:: What the exercise asks ::
Exclude the pictures and reproduce the remaining data exactly as written.

:: Provided material ::
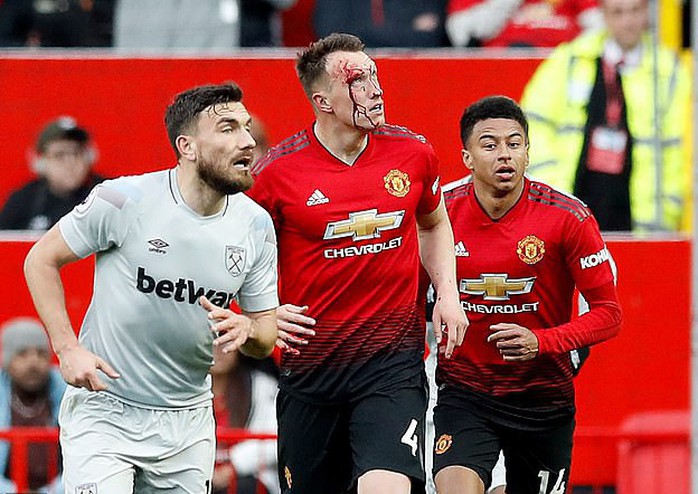 Phil Jones đổ máu, Pogba thăng hoa với cú đúp phạt đền  - Ảnh 7.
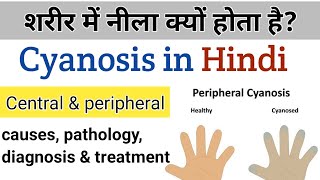 what is cyanosis  causes types amp treatment in Hindi [upl. by Yirinec]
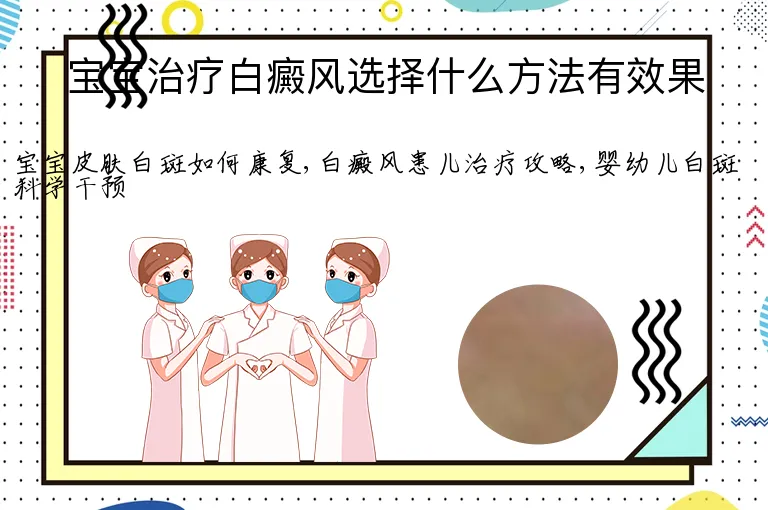 宝宝治疗白癜风选择什么方法有效果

:: Answer box ::
 Phil Jones đổ máu, Pogba thăng hoa với cú đúp phạt đền  - Ảnh 7.
 what is cyanosis  causes types amp treatment in Hindi [upl. by Yirinec]
 宝宝治疗白癜风选择什么方法有效果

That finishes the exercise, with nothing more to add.